Did she recently discover that she was an introvert.

Is she a prison guard or in the military? I'm trying to think of the types of work would require someone to have to keep large groups of people in line.

Being the man, you need to start exercising your responsibility of being the head of your family. This is not an easy job and should not be taken lightly, but responsibly and decisively. I understand that you and your wife are young but if you keep on your current path you and her will be divorced at some point within the next few years. A blind man can see it.

I realize that today's misguided parents are raising their children with the notion that they should be denied nothing. Whatever little Johnny or Susie wants they get, so as to pacify them so mommy and daddy can play and go about their selfish ways in peace. But you're all grown up now and the world isn't going to treat you as kindly as mommy and daddy. Take our conversation here for instance, I'm not gently stroking your fragile ego am I? I'm talking to you in a manner that will hopefully cause you to think about your future and to consider changes that you are going to need to make or you will continue to make the mistakes you're currently making.

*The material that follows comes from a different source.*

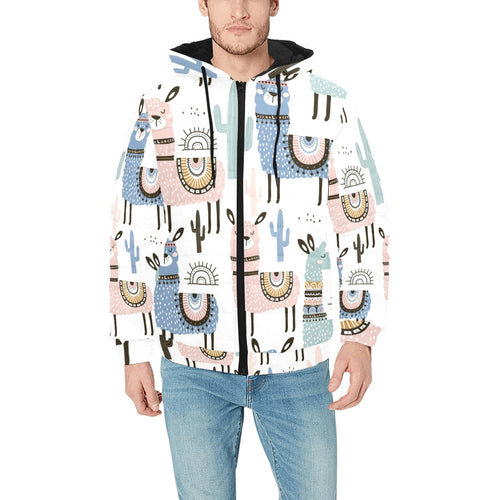lama Alpaca cactus hand drawn pattern Men's Padded Hooded Jacket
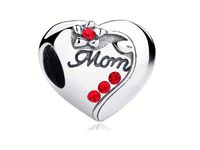 Rodowany srebrny charms do pandora serce heart mama mother mum cyrkonie srebro 925 BEAD097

You and your wife are just starting out in life, yet you want everything right now that your great-grandparents probably had to work 20-30 years to achieve. You want a fine place to live, fine cars to drive and money to buy expensive but unnecessary toys. You want to start out on top and work your way sideways.

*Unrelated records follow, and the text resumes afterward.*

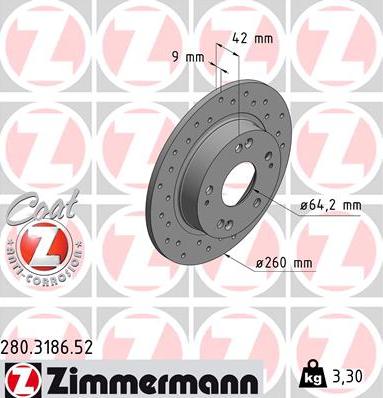 Zimmermann 280.3186.52 - Тормозной диск unicars.by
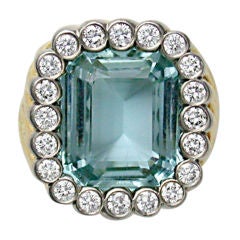 Verdura Aquamarine & Diamond Cocktail Ring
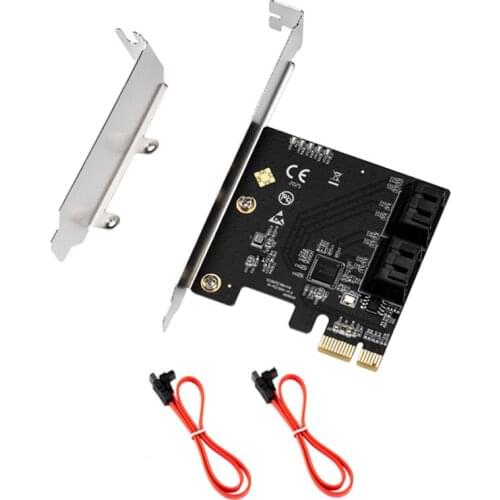 Chia Mining 4 Port SATA Card Riser SATA III 3.0 6Gbps Controller Card PCIe 3.0 x1 Expansion Card +Low Profile Bracket SATA Cable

Have you not been watching the news? Do you not know that there are people smarter and more experienced than you out there that are losing their jobs, their houses, etc.? But what... this would never happen to you?

Friend, consider being a little more modest in your living and in your expectations. You need to rent a small modest apartment for much less than what you're currently paying. Find some way of getting out of your current lease and correct this before it's too late. Get rid of the new cars and buy older cars where the payments for both would be equal to or less that what you're currently spending on one car.

As someone suggested, get rid of expensive cell phones and get a Tracfone. Use it for emergencies and it'll only cost you about $8 a month for each person. that's $16 a month for the two of you. Forget cable TV (there isn't anything worth watching anyway) and high speed internet - use dial-up.

The two of you must live on way less that what YOU earn. You are the man in your family and you are expected to work and earn the money that the family lives on. Your wife needs to manage the household, setup a budget, pay the bills, turn your house into a home and one day - have and RAISE children. Did you catch the meaning of that last part? Archaic isn't it? That the ones that have the babies should actually raise the babies.

I know I sound old fashioned, but my wife and I have not had the problems that so many here have and are having. We've had hard times of course, but we manage them as they come along. This is because we entered into marriage as the commitment that it is, with both feet in. Today it seems people marry with one foot in and one foot out of the circle of marriage. They want to be married but they also want to keep their independence and their single way of life. How much more stupid can this be?

We also live smart. Not always as we would have liked but as we needed to. We would rather have money in the bank than a shiny car in the driveway to show off to the neighbors.

Your wife apparently has specialized skills. She should consider starting a home based business where she could still earn an income to help the two of you get out of debt, but not have to place herself under the authority of someone other than her husband. I don't think wives should place themselves under the authority of another *man, because if they have to choose between obeying the wishes of the husband or that of their boss... guess which one will be disrespected?

(*man - used here to imply both male and female.)

Your wife will not subject herself to you however, if you first do not prove yourself worthy of her trust. Forget what she says. She is a woman and women want and need to trust that their husband will be a man.

I know this was a sermon, but many people have tried this new way of living but it rarely if ever works. You can't expect to build a happy life together with each of you living your own life as though you were not married. Living together separately doesn't work.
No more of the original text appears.